Lieu’s name came up in connection with another aspect of the undercover investigation. According to the affidavit, Lieu dropped his sponsorship of a bill that would have prevented separate reimbursements for spinal implants. That legislation would have negatively affected Michael D. Drobot, who was at the time the chief executive officer of Pacific Hospital of Long Beach, a busy spinal surgery clinic.
The California State Compensation Insurance Fund, a quasi-governmental organization that makes payments on workers’ compensation claims, filed racketeering charges against Drobot and his medical companies earlier this year. The fund alleged that he received $161 million through inflated reimbursement fees.
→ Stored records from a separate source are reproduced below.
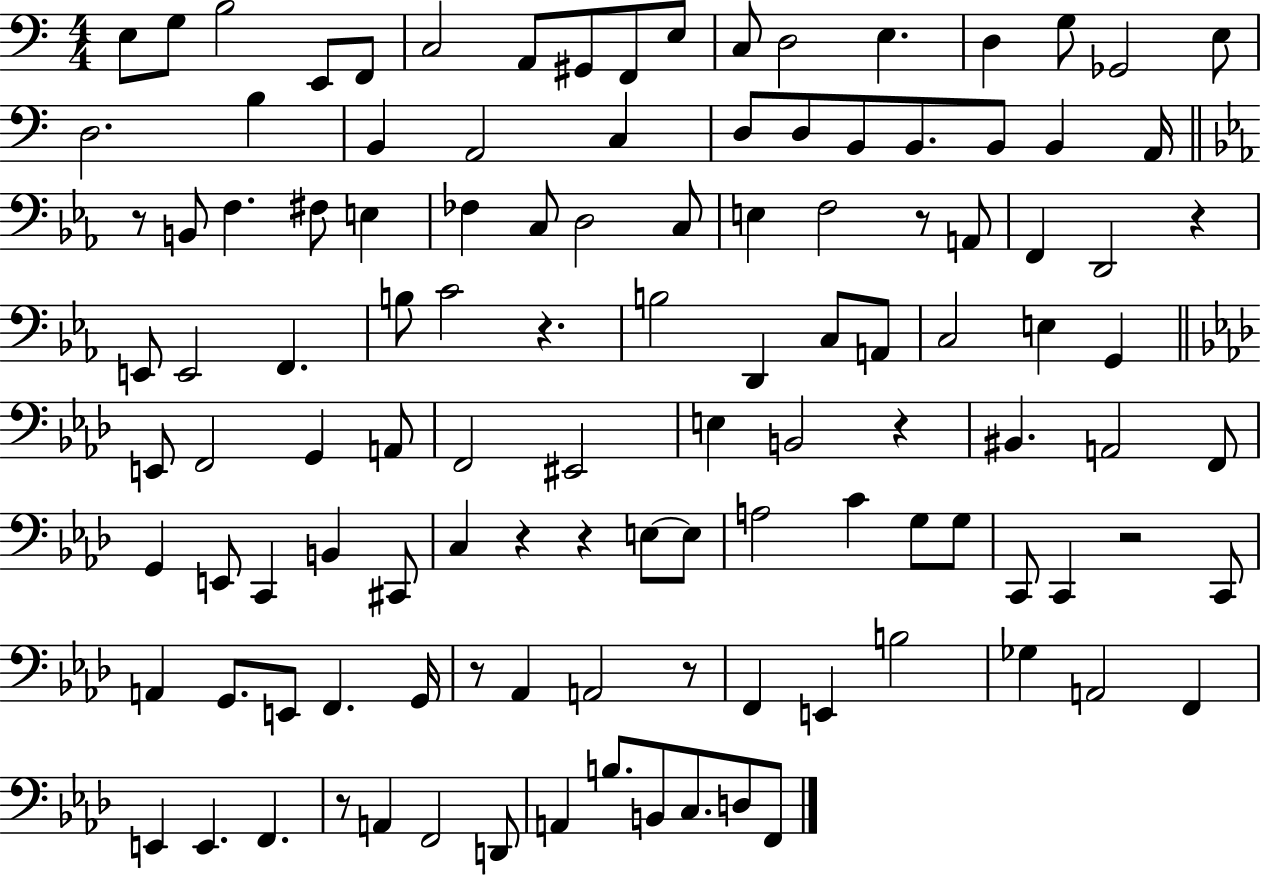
X:1
T:Untitled
M:4/4
L:1/4
K:C
E,/2 G,/2 B,2 E,,/2 F,,/2 C,2 A,,/2 ^G,,/2 F,,/2 E,/2 C,/2 D,2 E, D, G,/2 _G,,2 E,/2 D,2 B, B,, A,,2 C, D,/2 D,/2 B,,/2 B,,/2 B,,/2 B,, A,,/4 z/2 B,,/2 F, ^F,/2 E, _F, C,/2 D,2 C,/2 E, F,2 z/2 A,,/2 F,, D,,2 z E,,/2 E,,2 F,, B,/2 C2 z B,2 D,, C,/2 A,,/2 C,2 E, G,, E,,/2 F,,2 G,, A,,/2 F,,2 ^E,,2 E, B,,2 z ^B,, A,,2 F,,/2 G,, E,,/2 C,, B,, ^C,,/2 C, z z E,/2 E,/2 A,2 C G,/2 G,/2 C,,/2 C,, z2 C,,/2 A,, G,,/2 E,,/2 F,, G,,/4 z/2 _A,, A,,2 z/2 F,, E,, B,2 _G, A,,2 F,, E,, E,, F,, z/2 A,, F,,2 D,,/2 A,, B,/2 B,,/2 C,/2 D,/2 F,,/2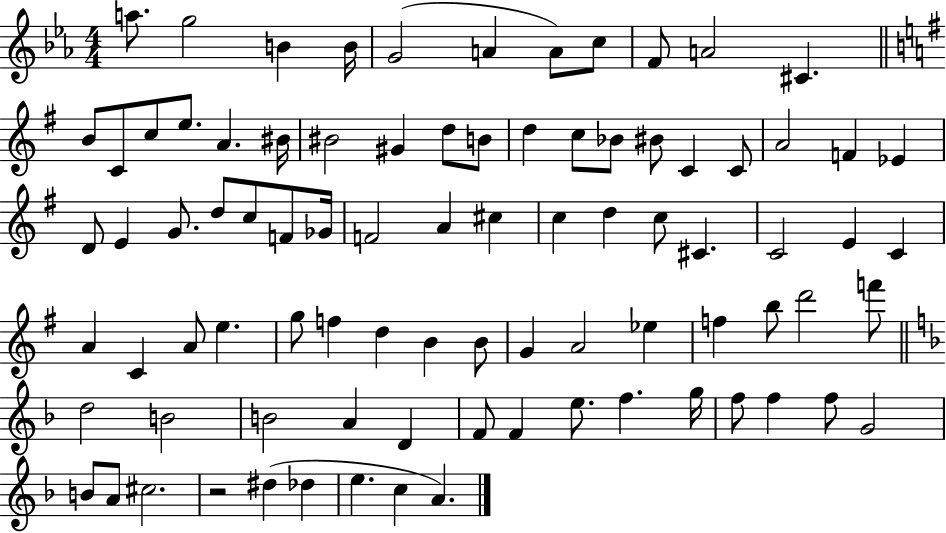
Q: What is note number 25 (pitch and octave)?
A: BIS4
The FBI affidavit says Calderon protected Drobot’s interests. Drobot, in turn, paid $28,000 to Calderon through his son, who worked a summer job, according to the FBI account. In an interview with Al Jazeera, Drobot strongly denied inflating his fees or making illegal payments to Calderon.
In his statement, Lieu said he was cooperating with the investigation and described public corruption as "an insidious evil in our representative democratic government."
He went on to say: "I never dropped Senate Bill 959, which banned separate payments for spinal implants. SB 959 was merged and incorporated word for word into a larger and more comprehensive workers compensation reform package that was signed into law. The government has requested that I not discuss their investigation and I will honor that request."
State Sens. Kevin de Leon and Ricardo Lara, also named in the FBI affidavit, did not return Al Jazeera’s calls for comment.